§ **The problem**: A faithful, complete transcript of the entries below, without pictures, should be returned.

+-------+

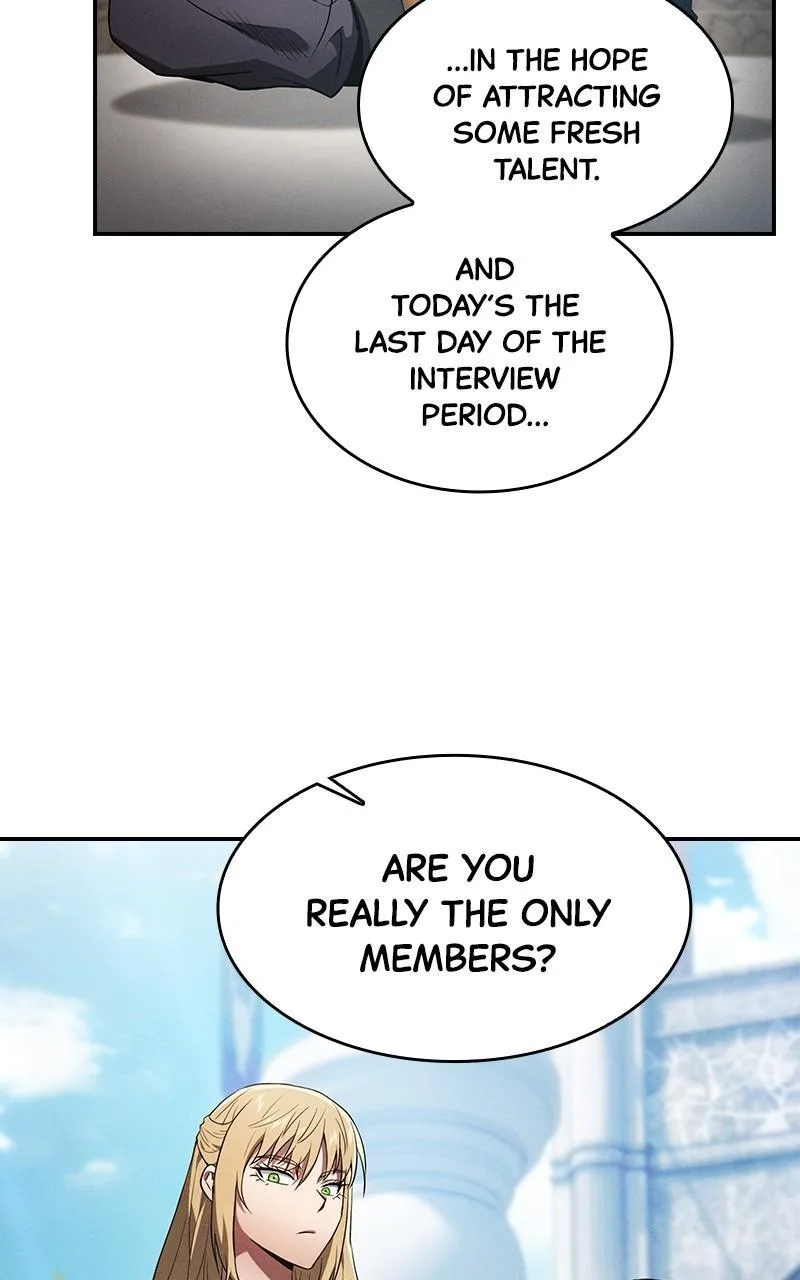 The Academy’s Genius Swordsman Chapter 37 – Page 70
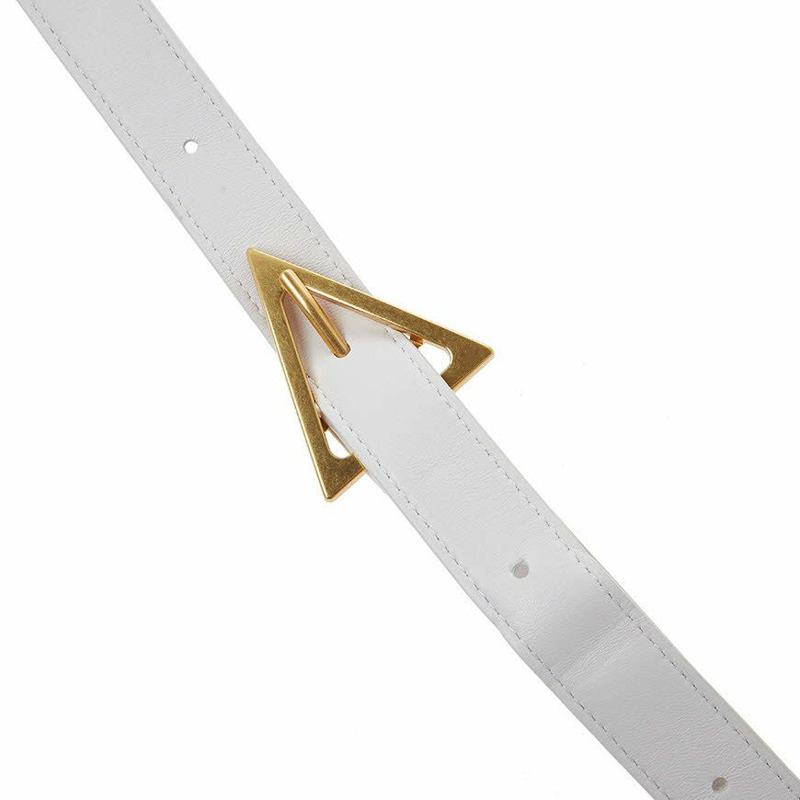 BOTTEGA VENETA 女士加厚磁帶包 591970 VCQR1 9143-8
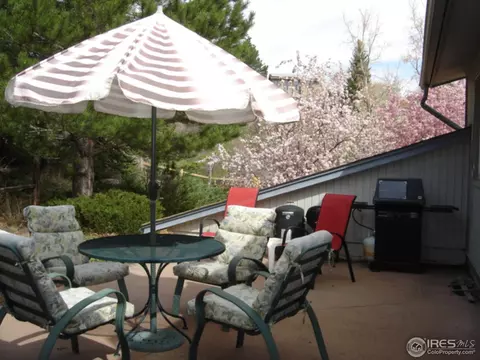 669 Hartford Dr, Boulder, CO 80305 photo 22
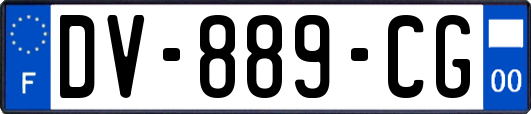 DV-889-CG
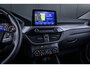 Ford Kuga 2.5 PHEV Titanium | 100% dealer o.h. | Winter-pack | DAB | Keyless-entry | Privacy-glass | 18''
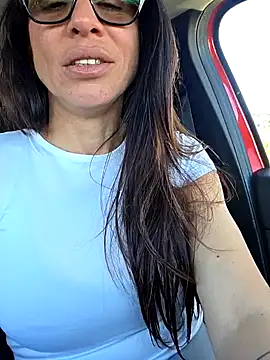 sexy7883 online show from March 30, 11:21 am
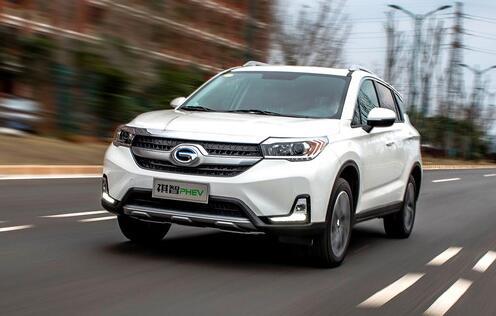 确认过眼神就是我想要的样子,确认过眼神你就是我想要找的人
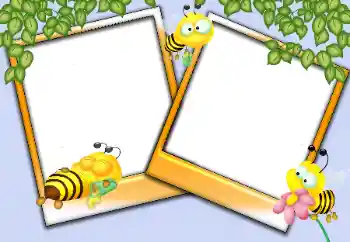 Efekt zdjęciowy z kategorii Różne dziecięce № 45947 Efekt zdjęciowy z kategorii Różne dziecięce № 45947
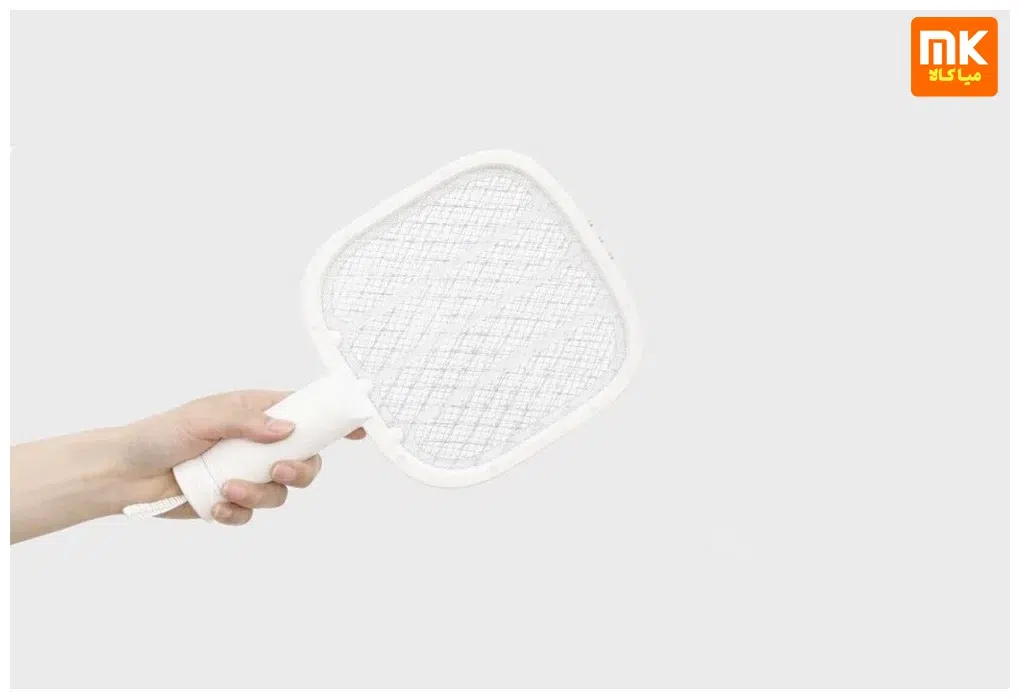 حشره کش برقی Yeelight YLGJ04YI شیائومی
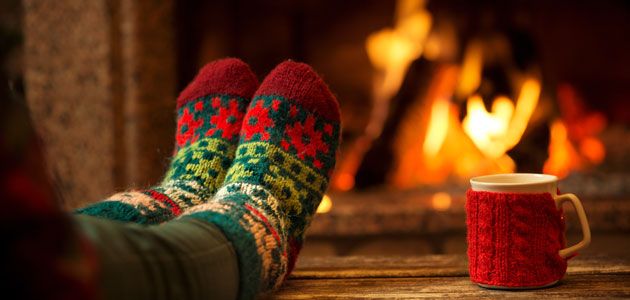 How to set up energy bill support for winter 2023-24.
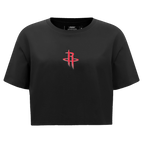 BHRA515740-BLK-FLOAT-1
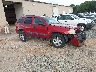 1J4GR48K25C****** Salvamento y Destrozados 2005 Jeep Grand Cherokee en Concord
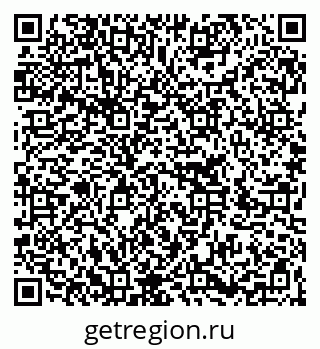 79266205979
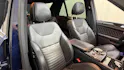Mercedes-Benz GLE 400 Executive 4Matic 7G-Tronic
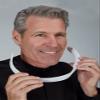 CCS Collars-Comfort-Single-Ply 1.25" H (15)-2 Pieces view 1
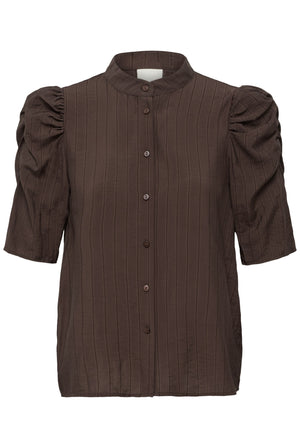 IHXMARIT MS Coffee Bean - 190915 - 23100014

+-------+

§ **Exercise answer**:
 The Academy’s Genius Swordsman Chapter 37 – Page 70
 BOTTEGA VENETA 女士加厚磁帶包 591970 VCQR1 9143-8
 669 Hartford Dr, Boulder, CO 80305 photo 22
 DV-889-CG
 Ford Kuga 2.5 PHEV Titanium | 100% dealer o.h. | Winter-pack | DAB | Keyless-entry | Privacy-glass | 18''
 sexy7883 online show from March 30, 11:21 am
 确认过眼神就是我想要的样子,确认过眼神你就是我想要找的人
 Efekt zdjęciowy z kategorii Różne dziecięce № 45947 Efekt zdjęciowy z kategorii Różne dziecięce № 45947
 حشره کش برقی Yeelight YLGJ04YI شیائومی
 How to set up energy bill support for winter 2023-24.
 BHRA515740-BLK-FLOAT-1
 1J4GR48K25C****** Salvamento y Destrozados 2005 Jeep Grand Cherokee en Concord
 79266205979
Mercedes-Benz GLE 400 Executive 4Matic 7G-Tronic
 CCS Collars-Comfort-Single-Ply 1.25" H (15)-2 Pieces view 1
 IHXMARIT MS Coffee Bean - 190915 - 23100014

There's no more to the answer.